あれから沙織さんはずっと繰り返されるフラッシュバックやトラウマに、ひたすら翻弄されるがままに生きてきた。フラッシュバックのたびに甦る恐怖、そして怒りにがんじがらめにされた人生。何度も、心が壊れそうになった。
高校時代、沙織さんは最大のフラッシュバックを経験した。それは、彼との初体験の時だった。
地獄から抜け出す術
向こうが、あたしの家に勝手にやってきて。だって、昼間、両親がいないから。その時に、最後まで行ったんです。もう、ぼうっとして。そしたら、お腹に出されたんです。私、何が起きているか、わかんない。
でも、そのぬるい感触が、その時と一緒だったんです。
小学6年の夏、ススキが踏み倒された野原、軽トラック、そしてナイフ。最初は、彼氏が尿を漏らしたと思ったんです。
「おまえ、処女じゃないだろう。痛がりもしないし、出血もしないし、嘘ばっかりだ」
訳がわからないことを一方的に言われて、ものすごく、こいつが嫌になって、その時、「あっ」って甦ったんです。あの時、何をされたのかが。出されて、塗りつけられたんだ……。
バーッて逃げていった。走って、走って、私、あの時、短パン穿いてた。あの時の、あの恐怖……。全てが甦った。逃げないと、逃げないと……。

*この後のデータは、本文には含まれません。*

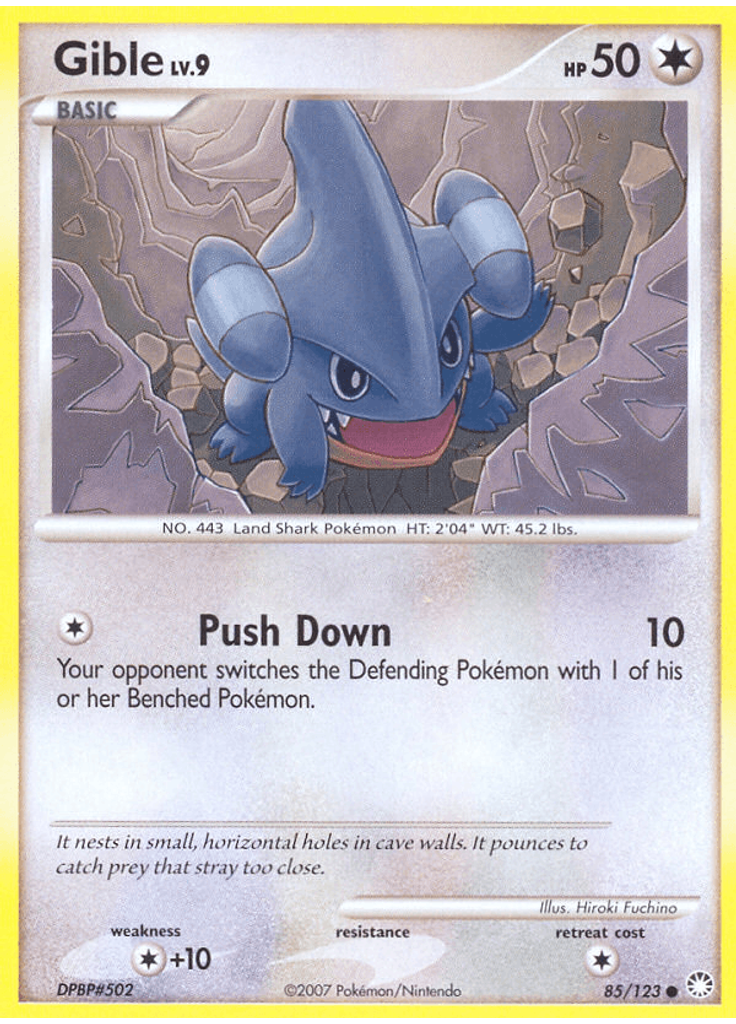 Gible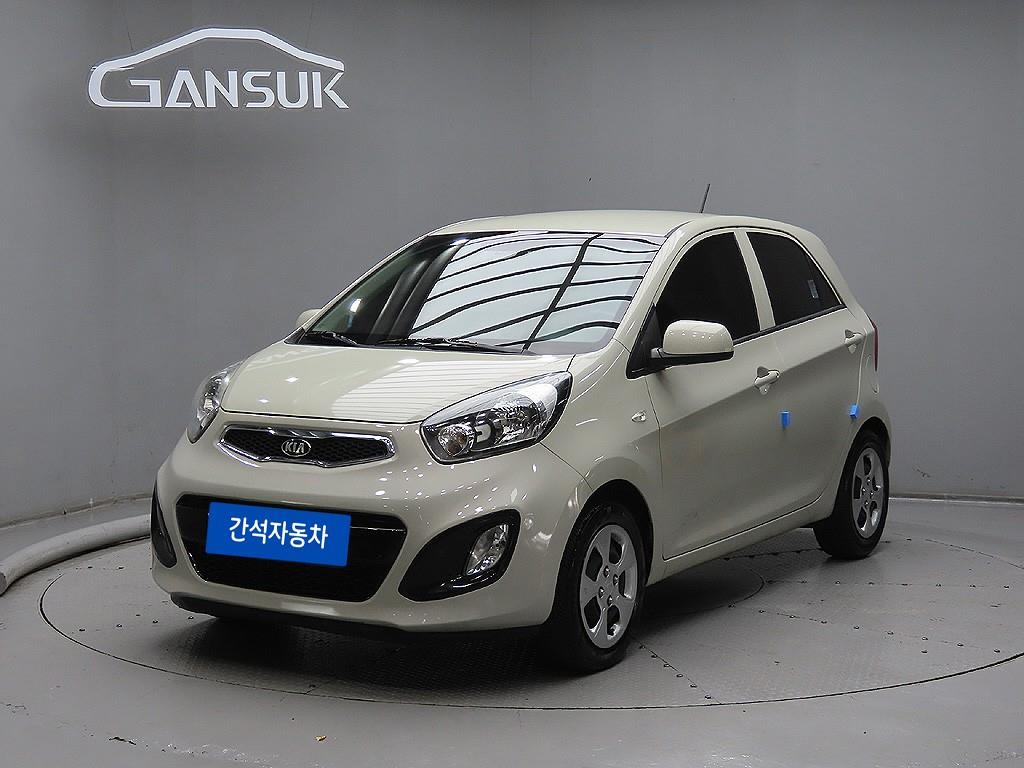 KIA Morning - Vista 2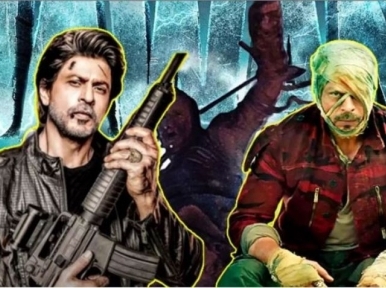 Advance booking of Shah Rukh Khan's Jawan to start on Wednesday in Bangladesh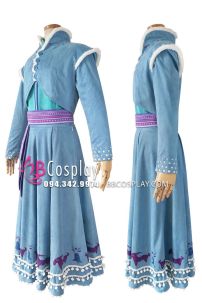 Đầm Elsa 2019 - Frozen 2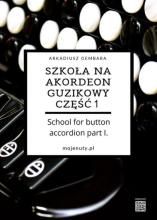 Szkoła na akordeon guzikowy cz.1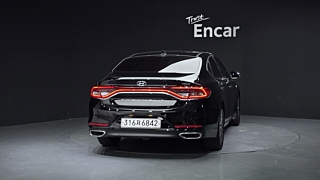 HYUNDAI GRANDEUR IG HYBRID 2017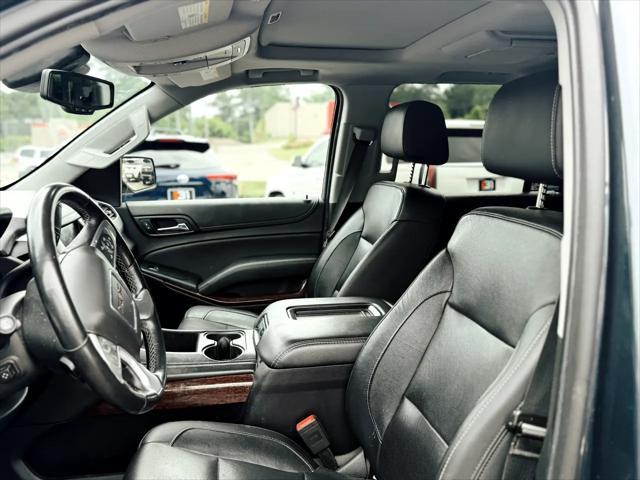 used 2019 GMC Yukon XL car, priced at $28,995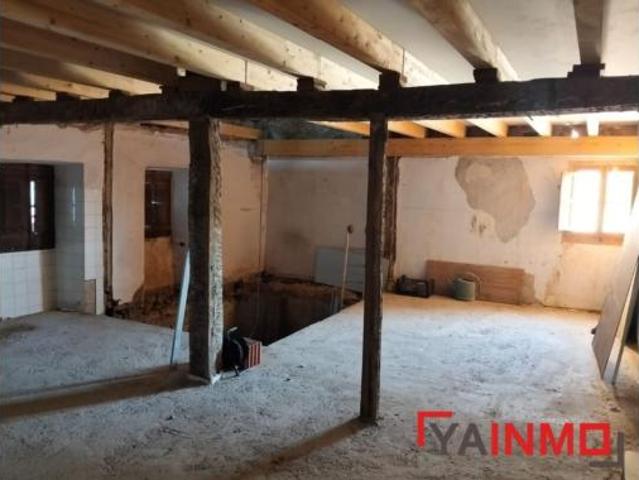 Casa Venta Valdegovía Gaubea, Espejo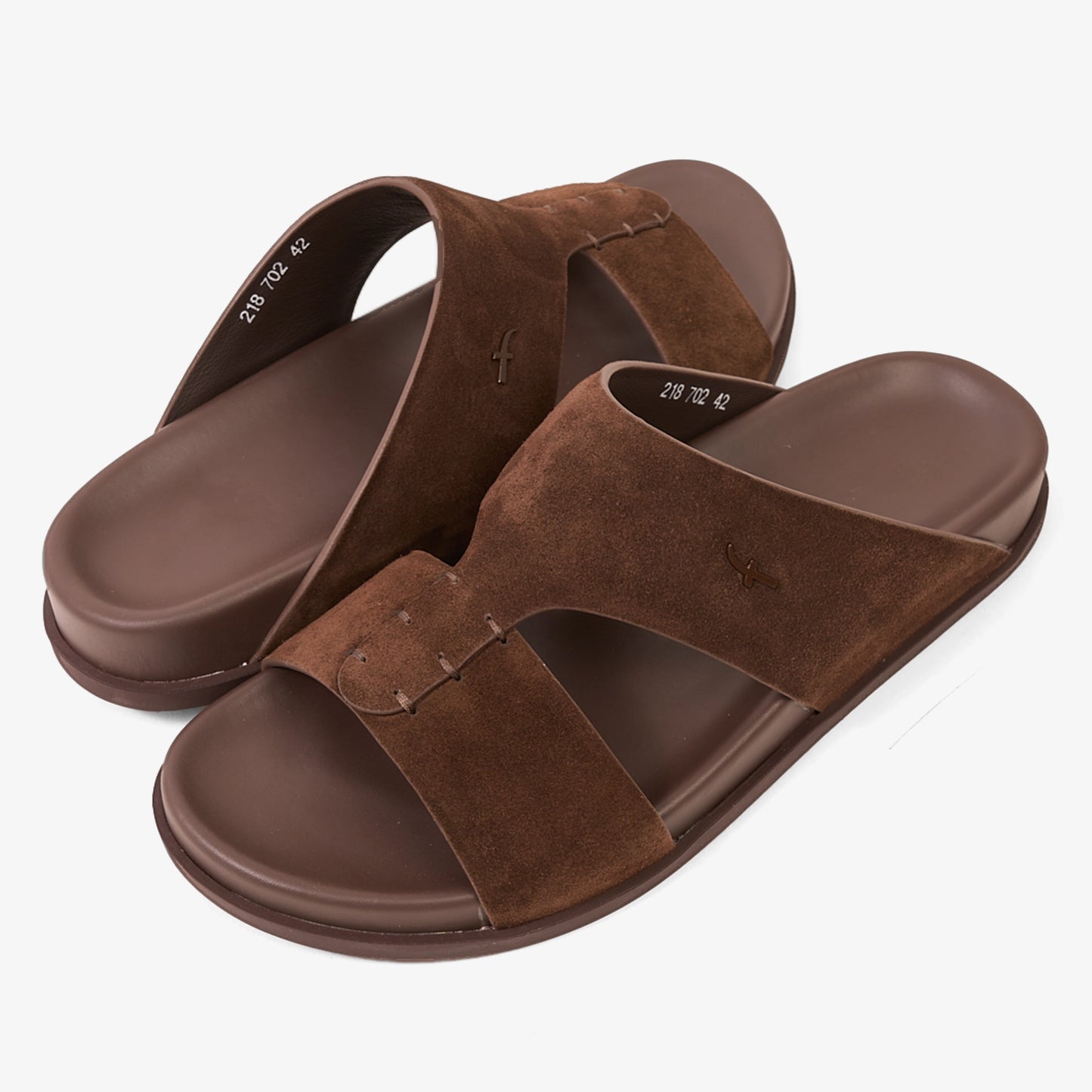 FARADA MODERN VERSATILE NEUTRAL TONE ARABIC SANDALS THM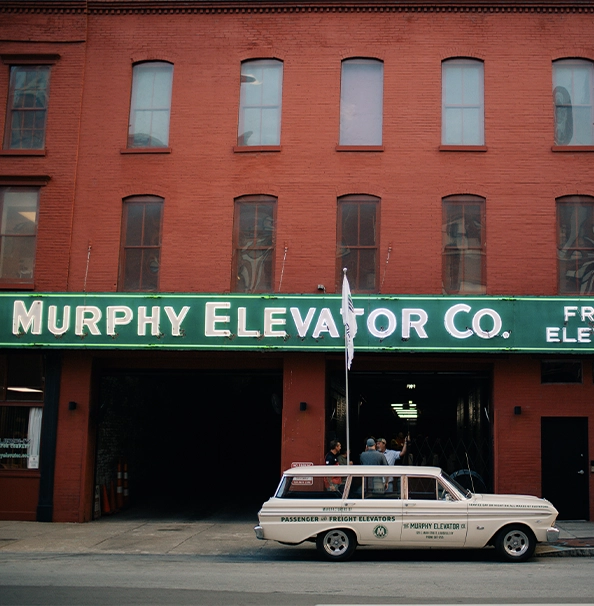 Murphy Elevator careers square Elevator service company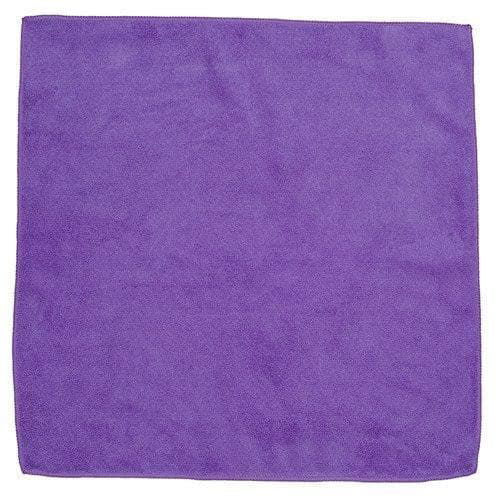 KR Strikeforce Economy Microfiber Purple Bowling Towel - BowlersParadise.com
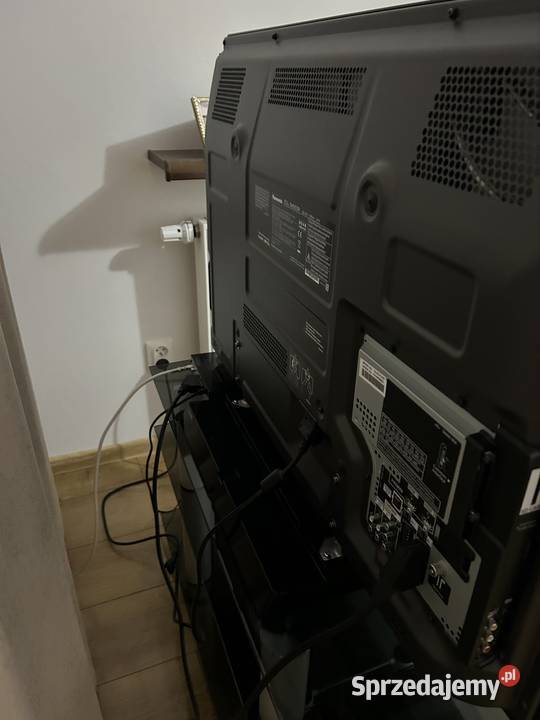 Sprzedam telewizor Panasonic z dekoderem Nowy Duninów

だけど、私は結局、この最低の男と結婚するのです。「初めての人と結婚すべき」という古臭い考えもありましたが、家という地獄から抜け出すための唯一の手段が、この男との結婚だったからです。自分を大事にしてくれる男ではないと内心、わかっていました。
では、死ぬことしか念じていない19歳の私に、地獄から抜け出す術が他にあったでしょうか。
手っ取り早いなら、私は何でもよかったのです。